Anyway, since we’re all spending more time at home these days, I’ve been able to Facetime my mom while she cooks and I’m learning some of her special recipes, including how to make her pickles. All that to say, stay tuned, there’s more to come! 🙂
What’s your favorite kind of achar? Is there a recipe you’d like to see here on the blog? Let me know!
- Rinse and dry the chilies. (the chilies must be dry, use a paper towel if needed).
- Wearing gloves, remove and discard the stems. Then, using a knife, make a slit in the large side of the chili. Set aside for now.
- Add the fennel seeds, cumin seeds, mustard seeds, and fenugreek seeds to a small pot or pan over medium heat and dry roast the whole spices for 2 minutes, or until the spices are slightly toasty and fragrant. Grind the spices (you can grind them so that they are coarse, finely ground, or somewhere in-between, it’s fine to leave some larger pieces).

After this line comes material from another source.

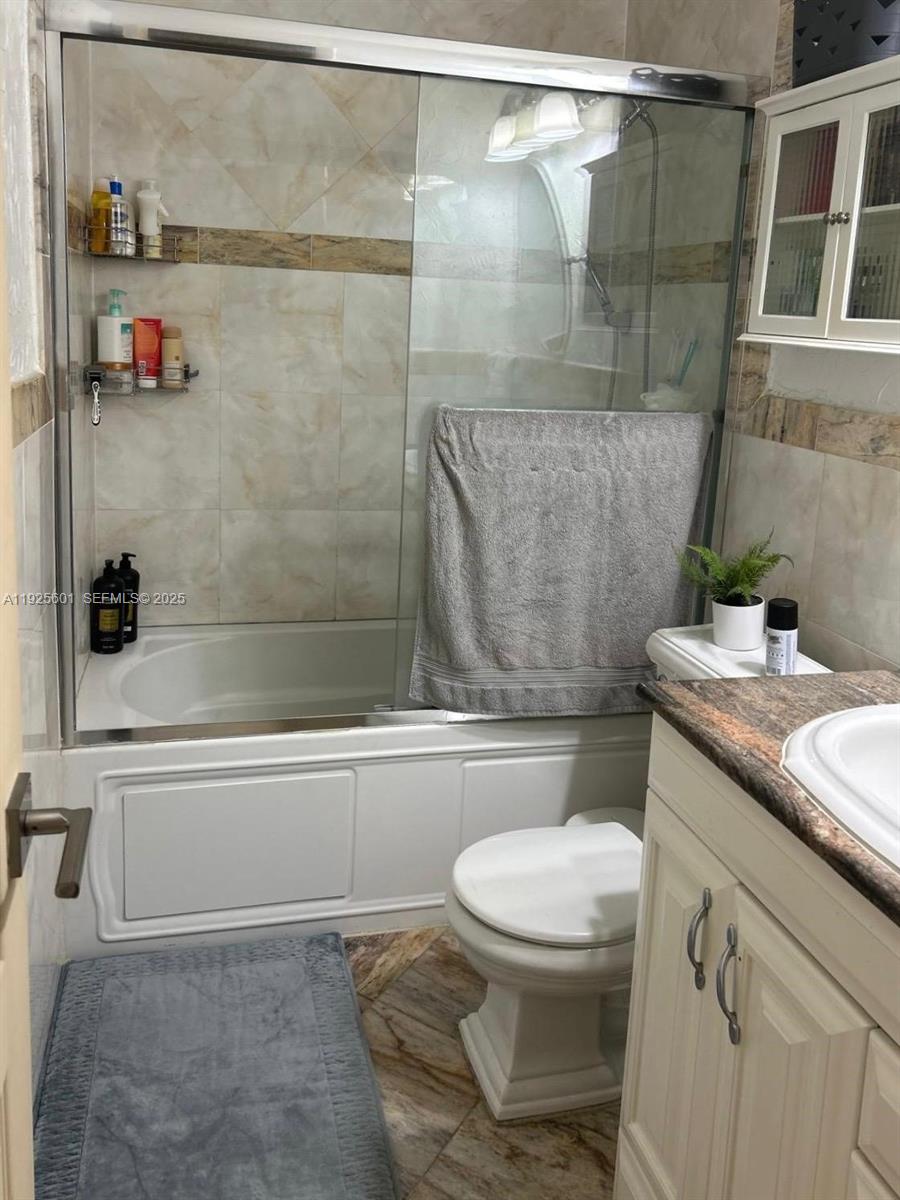 7100 Southwest 112th Place Miami, FL 33173 - Photo 19 of 21 a bathroom with a toilet and a shower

- Add mustard oil to a saucepan over medium-high heat and cook for 4-5 minutes, or until you see the oil begin to smoke (you’ll want to turn the stove off as soon as the oil starts to smoke, otherwise your smoke alarm will go off – ask me how I know).
- Wait a couple of minutes for the oil to cool down a bit, then add the chilies, freshly ground spices, salt, turmeric to the pot and mix well. Wait 10 minutes, then stir in the lemon juice.
- Once the mixture has cooled completely, pour it into a dry glass jar and let it sit for at least 3-4 days before eating. Shake it once a day so the oil coats all the chillis.
- Store the achar on the counter for up to a month (shaking it every other day) or in the fridge for up to six months.
- In the directions, I say that you can store achar in the fridge for up to six months but I’ve kept some jars of achar in my fridge for years.
- Make sure to always use a dry spoon when removing pickles from the jar.